Managing Delta Tables

Vacuuming tables

Vacuuming a table will delete any files that have been marked for deletion. This may make some past versions of a table invalid, so this can break time travel. However, it will save storage space. Vacuum will retain files in a certain window, by default one week, so time travel will still work in shorter ranges.

Delta tables usually don't delete old files automatically, so vacuuming regularly is considered good practice, unless the table is only appended to.

Use DeltaTable.vacuum to perform the vacuum operation. Note that to prevent accidental deletion, the function performs a dry-run by default: it will only list the files to be deleted. Pass dry_run=False to actually delete files.

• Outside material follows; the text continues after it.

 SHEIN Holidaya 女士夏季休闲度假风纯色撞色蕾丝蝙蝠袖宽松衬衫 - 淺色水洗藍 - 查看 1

>>> dt = DeltaTable("../rust/tests/data/simple_table")
>>> dt.vacuum()
['../rust/tests/data/simple_table/part-00006-46f2ff20-eb5d-4dda-8498-7bfb2940713b-c000.snappy.parquet', 
 '../rust/tests/data/simple_table/part-00190-8ac0ae67-fb1d-461d-a3d3-8dc112766ff5-c000.snappy.parquet', 
 '../rust/tests/data/simple_table/part-00164-bf40481c-4afd-4c02-befa-90f056c2d77a-c000.snappy.parquet',
 ...]
>>> dt.vacuum(dry_run=False) # Don't run this unless you are sure!

Optimizing tables

Optimizing tables is not currently supported.